--- START ---

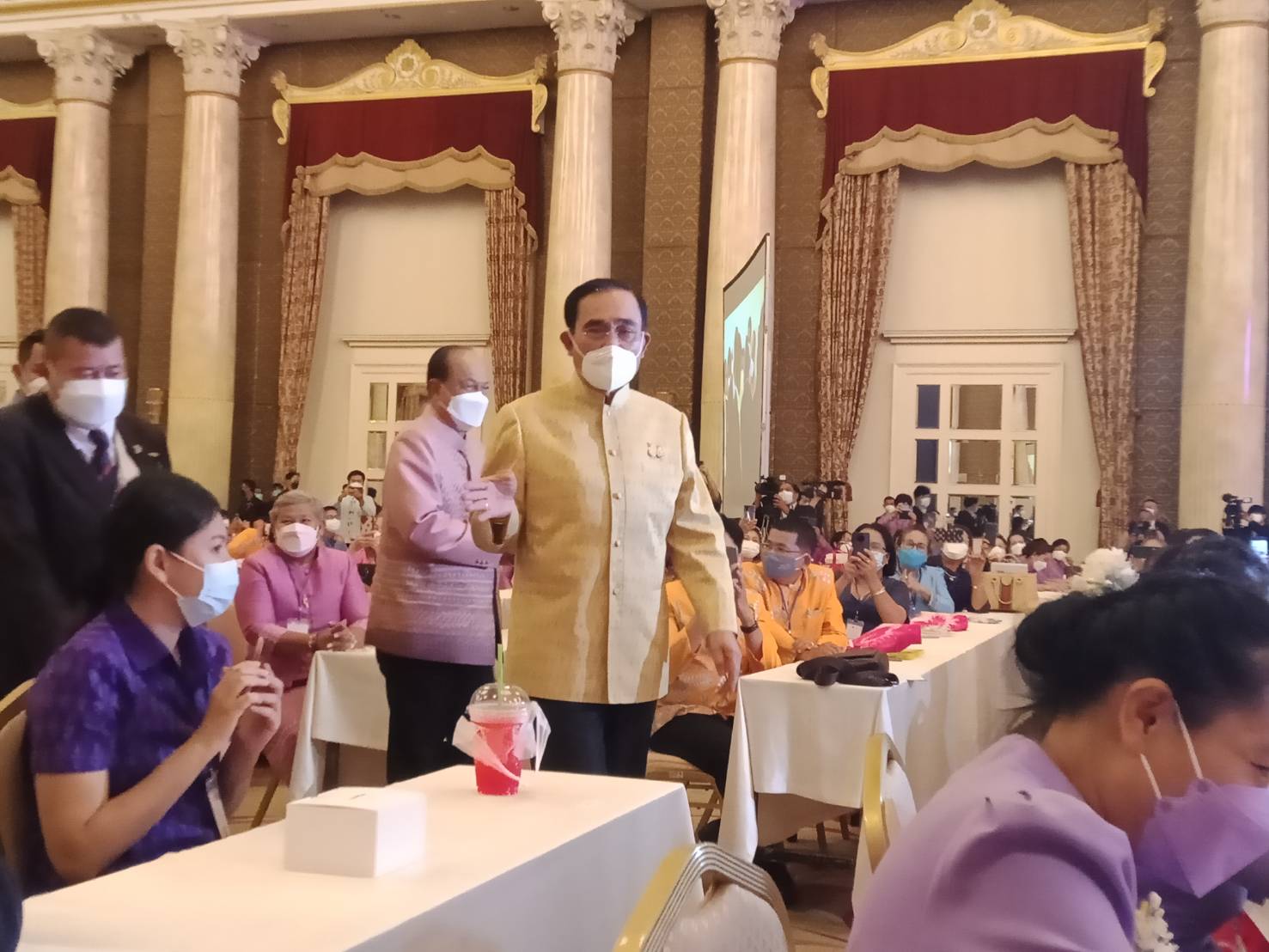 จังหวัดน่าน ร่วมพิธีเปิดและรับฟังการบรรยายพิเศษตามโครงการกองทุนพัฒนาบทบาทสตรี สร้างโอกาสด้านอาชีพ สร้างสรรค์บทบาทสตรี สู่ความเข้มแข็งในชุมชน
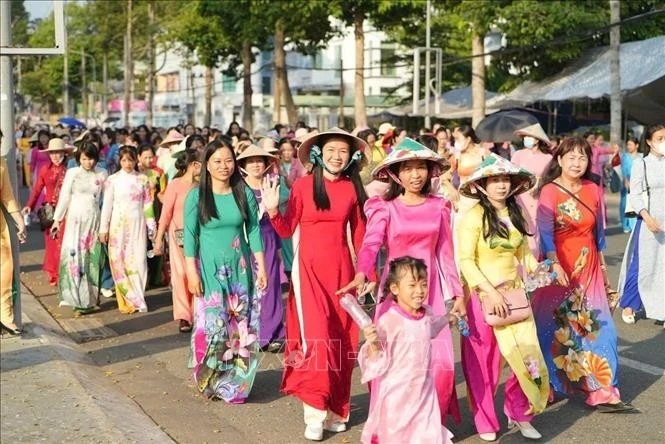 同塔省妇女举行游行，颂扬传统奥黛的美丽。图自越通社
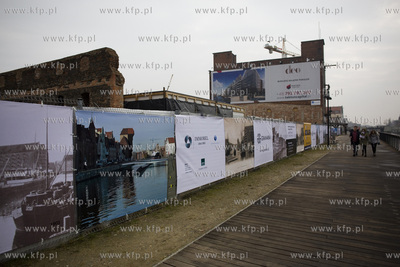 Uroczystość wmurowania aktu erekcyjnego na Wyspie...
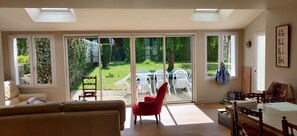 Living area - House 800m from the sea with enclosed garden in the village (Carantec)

--- END ---
--- START ---

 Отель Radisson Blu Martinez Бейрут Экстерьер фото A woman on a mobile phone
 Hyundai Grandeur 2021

--- END ---

Task brief: Set down word for word the lines above from the one with "同塔省妇女举行游行，颂扬传统奥黛的美丽。图自越通社" up to and including the one with "Living area - House". Omit every picture.

Reply to the task:
 同塔省妇女举行游行，颂扬传统奥黛的美丽。图自越通社
 Uroczystość wmurowania aktu erekcyjnego na Wyspie...
 Living area - House 800m from the sea with enclosed garden in the village (Carantec)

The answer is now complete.